The 1996 Monaco Grand Prix (formally the LIV Grand Prix Automobile de Monaco) was a Formula One motor race held at Monaco on 19 May 1996. It was the sixth race of the 1996 Formula One season. The race was run in very wet weather,  and set a record for the fewest cars to be running at the end of a Grand Prix race, with the three podium finishers being the only cars left. 

Olivier Panis scored his first and only win of his Formula One career, earning the last Formula One victory for the Ligier team, and the first ever for engine manufacturer Mugen-Honda, after switching to slick tyres in a well-timed pitstop. Second place went to David Coulthard in a McLaren-Mercedes. Johnny Herbert was the last finisher in a Sauber, scored his only points of the season. 

This was the last win by a French Formula One driver until Pierre Gasly won the 2020 Italian Grand Prix.

Report

Practice and qualifying
Michael Schumacher had taken pole position but had caused controversy on his slowing down lap when he impeded Gerhard Berger right at the end of the session. Coming out of the tunnel Schumacher was cruising slowly, acknowledging the crowd, while Berger was on a fast lap. Schumacher tried to get out of Berger's way but the Austrian had to spin at high speed to avoid the Ferrari, entering the chicane backwards.

The Ligiers were 14th and 17th in qualifying, both below their expectations after the team had mis-firing issues, preventing a top six position.

Race day
Olivier Panis was fastest in the warm-up. Jacques Villeneuve was 18th after running a wet-setup in preparation for the expected rain. Between the warm-up session and the race, heavy rain fell at the circuit, and an additional 15-minute session was added to allow the drivers to get used to the changed conditions as it was the first time rain had fallen over the race weekend. The session took place at 13:15 CEST (GMT +2). Several drivers went off during the session, including Pedro Lamy, Pedro Diniz and Giancarlo Fisichella, but all continued. The only two drivers to escape with damage were Mika Häkkinen and Andrea Montermini. Jean Alesi suffered a puncture at the end of the session, but was able to return to the pitlane. Several drivers opted to skip the session. The Footwork team chose not to participate as they did not have any spare parts, and any crash would have marked the end of their weekend. Häkkinen was fastest, setting his time before his crash, with Alesi, Rubens Barrichello and Johnny Herbert behind. The two Williams cars were 7th and 8th, Villeneuve ahead of Damon Hill with Schumacher behind them in 9th.
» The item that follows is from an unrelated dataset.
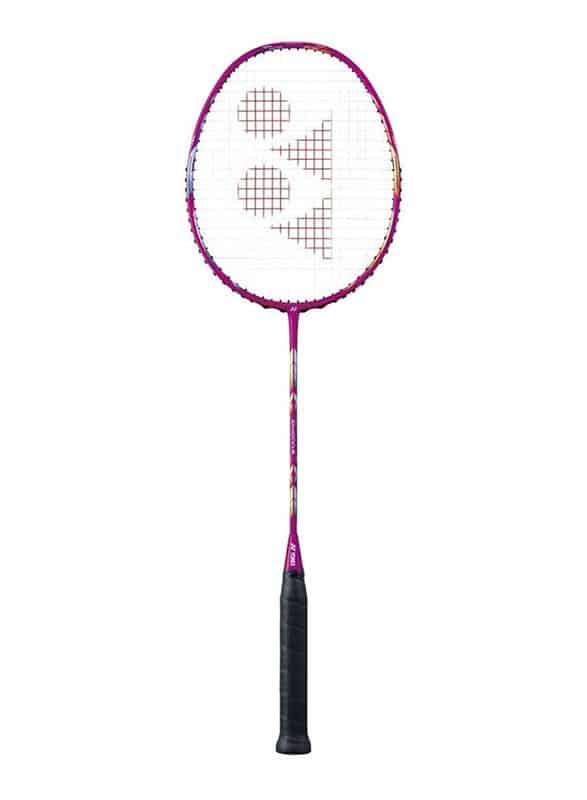 Yonex Duora 9 Badminton Rackets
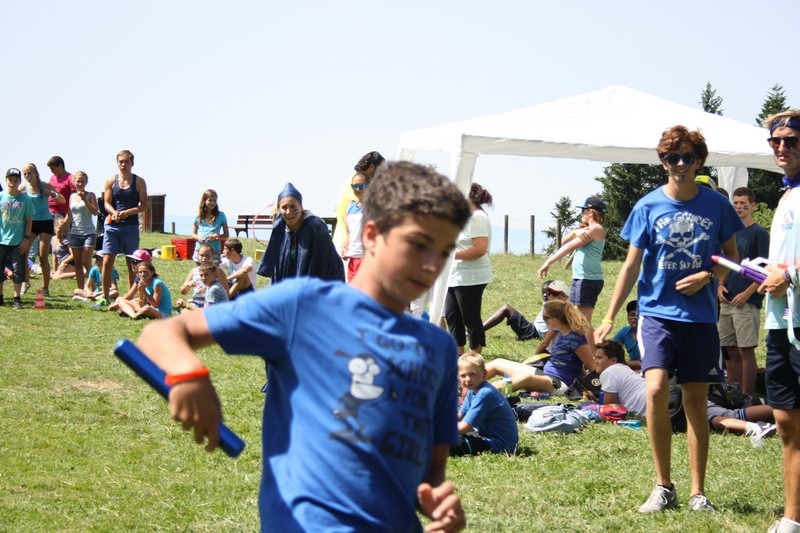 Village Camps International Summer Camp Leysin, Switzerland 2025-08-09 https://www.villagecamps.com/journals_admin/images/709-42-festival (212).jpg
The race started at 14:30 CEST. During the warm-up session, Montermini crashed his Forti coming out of the tunnel, and the team's lack of a spare car meant the Italian was unable to start, leaving 21 cars on the grid. Hill overtook Schumacher into Sainte-Dévote, while further back, Jos Verstappen, who had opted to start the race on slicks, slid straight into the wall. The two Minardis were then eliminated when they tangled coming out of the first corner. Hill began to pull away while polesitter Schumacher lost control coming out of Lower Mirabeau and hit the wall. Coming into the Rascasse, Barrichello spun and retired. After five laps, there were only 13 cars remaining as Ukyo Katayama (accident), Ricardo Rosset (accident) and Diniz (transmission) retired. A significant gap began to open between the leaders and Eddie Irvine in fourth. A queue of eight cars formed behind the slow Ferrari. Berger retired from third place on the 10th lap with gearbox trouble leaving 12 cars, while Heinz-Harald Frentzen damaged his front wing trying to pass Irvine, dropping to second last, ahead of Luca Badoer.

On lap 31, Martin Brundle spun off, which left only 11 cars in the race. Three laps later, Irvine was passed when Panis forced his way through at the Loews hairpin. Irvine lost control, became stuck and had undone his seatbelts before he restarted his car with the assistance of the marshals. Hill, meanwhile, had briefly lost the lead to Alesi when he made a pit stop on lap 30 to change to slicks as the track began to dry, but regained it a lap later when he overtook the Frenchman (who was still on wet tyres) on the track. Alesi made his pit stop shortly afterwards, allowing Hill to extend his lead to nearly 30 seconds and continue untroubled at the front until the 40th lap, when a failed oil pump caused his engine to blow coming out of the tunnel, his first retirement of the season. Alesi then led for 20 laps, before his suspension failed, handing the lead to Panis. Luca Badoer was running six laps down in the Forti when he collided with Villeneuve at Mirabeau on lap 66, retiring both drivers.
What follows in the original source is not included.